In Providence, it is not like that. It's beginning to make more sense. I'm continuing to read articles like this:

URI Index: Local economy remains stuck in recession
1:26PM Tue, Oct 14, 2008
By Jack Perry

Business staff, Providence Journal


Rhode Island's economy continued to deteriorate in August and indicators suggested the state's recession will continue well into the near future, according to the Current Conditions Index created by University of Rhode Island economics Prof. Leonard Lardaro to measure the present economic situation.

"Stating that weakness across the board will continue may well be an understatement, since both the national and global economies weakened significantly in September and have deteriorated further in October," Lardaro said.

The index retreated to a value of zero in August, after being set at 8 in July. The index also was zero in June.

A value of 50 is neutral. Anything above 50 signifies expansion while anything below that signifies retraction.

The Current Conditions Index measures the behavior of 12 economic indicators each month and compares them with what they were during the same month a year ago. The changes indicate whether Rhode Island's economy is growing, contracting or stagnant.
In August, all the indicators were negative. For example, government employment fell by 2.8 percent compared to last August. Single unit permits fell by 43.3 percent. Retail sales fell by 1.4 percent.

Lardaro said if any "good news" could be gleaned from the index, it was that manufacturing wages fell by only 0.2 percent, although it still remains below $14 per hour.

"This year continues to be a record setting one for Rhode Island's economy," Lardaro said. "I have no doubt that 2008 will ultimately come to be labeled "Rhode Island's year from hell," as we continue to set new records for all-time worst performances."

Lardaro said that prior to 2008, the index had only registered a value of 8 a few times, and never for more than a single month. This year, 8 has become the norm, he said.

Also, the index has registered zero twice this year. He said that looking back to 1980, the index had never reported a zero indicator until this year.

The decay in the city is remarkable. Here's a picture of a street light...


...and a better-than-typical specimen of near-omnipresent graffiti.

Furry and Feathered

The weather while we were in DC was splend-tastic. Furry and feathered friends were out in force. Nature's little arborists, squirrels, hiding acorns. Chipmunks flitting about.

At one point, about 100 black birds descended on the backyard, squawking and such.

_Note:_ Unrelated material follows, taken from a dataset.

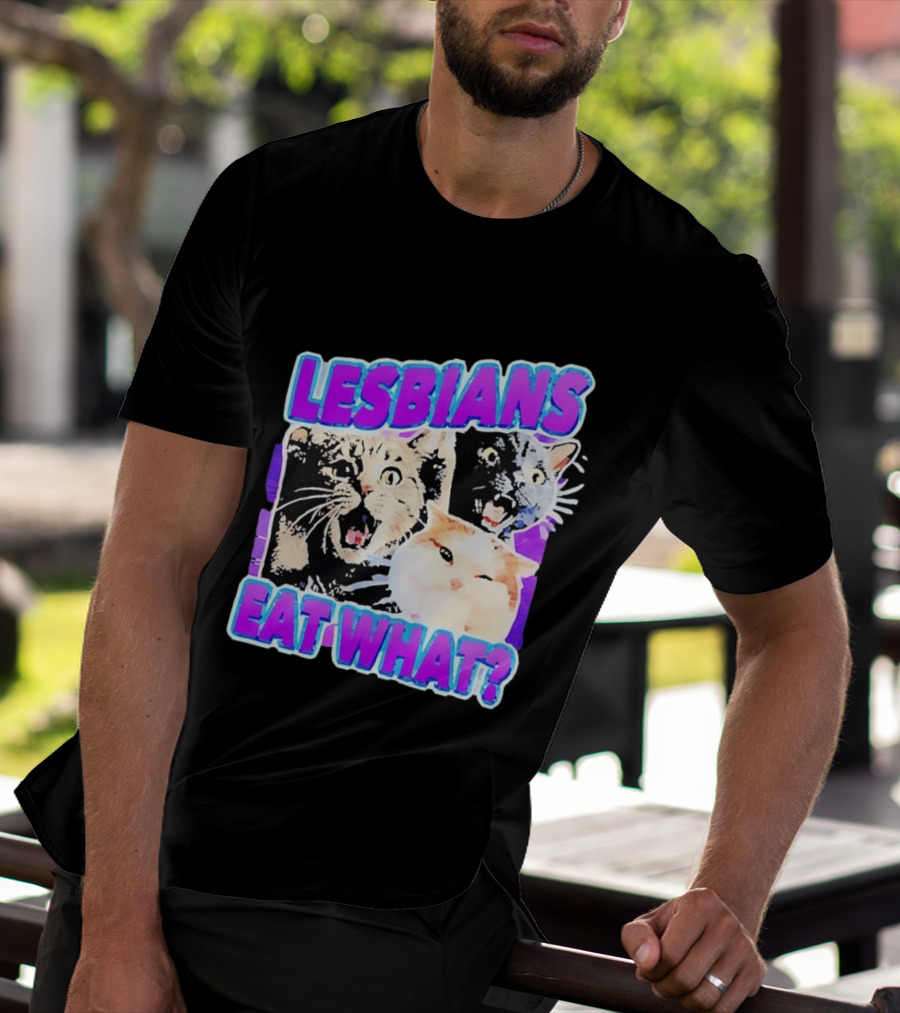 Lesbians Eat What Cat Meme Lesbian Pride Retro Cats T-Shirt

(Enlarge the picture with a click.)

Across the street, early in the morning, a doe and two young deer were just hanging out, which is rather abnormal.



PS
Darned Redskins. Tighten up, fellas! Brandini, you were wondering how it happened. If I had to choose, I'd blame the offensive line the most, or I'd point to the Rams defensive line's strong play. Admittedly Campbell was a little less crisp than he might have been, but he needed better protection. Without looking at any stats, run blocking was good, but pass protection seemed soft.

Water Ricocheting

Meg, you were asking. So as promised...

My mom's basement has leaked for the 31 years I've been alive. This weekend, back in the DC metro-area, we were hoping to fix the problem once and for all.

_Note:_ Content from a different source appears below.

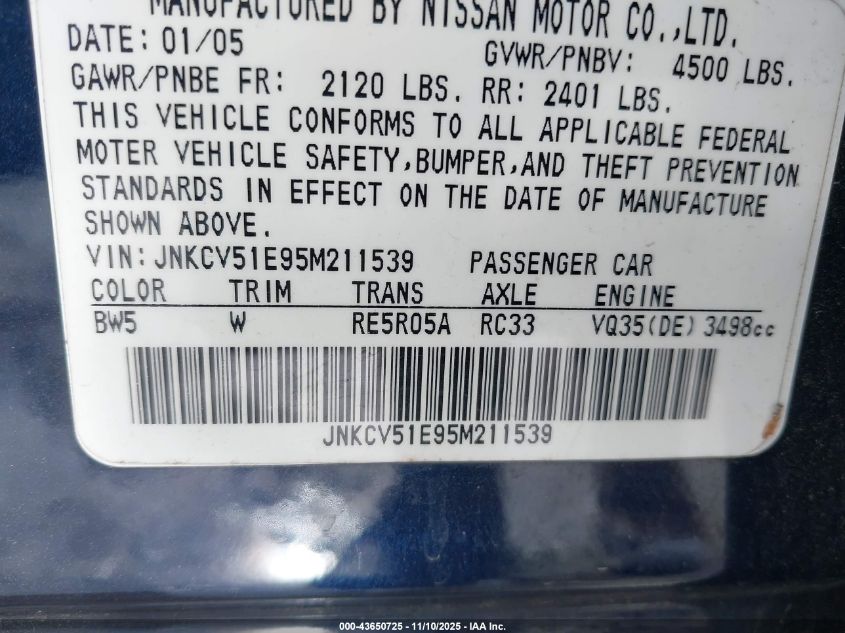 2005 Infiniti G35 VIN: JNKCV51E95M211539 Lot: 43650725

After many iterations of engineering fixes, grading the house, sump pump upgrades, system failures, and wringing out basement rugs, most everything stays dry, but her workroom (See the pegboard?) has been leaking - three feet underground - from the back corner of the storage space.



The downspout closet to where the basement is leaking accepts about 1/3 of the water that falls on the house, because of how the roof is set up. A lot of water. So we dug underground, thinking the drainage piping was cracked.








The pipes underground seemed totally fine. No cracking. No water. But when we put two hoses full-blast in the gutter, we noticed that a little bit of water was ricocheting off the squared bottom of the black connecting piece and then overflowing. The water was running down the side of the house. If it were a lot of rain, perhaps the amount of water ricocheting was pretty dramatic?

We're not positive that that is the problem, but we're hopeful. Fingers crossed! We fixed it with some aluminum sheeting.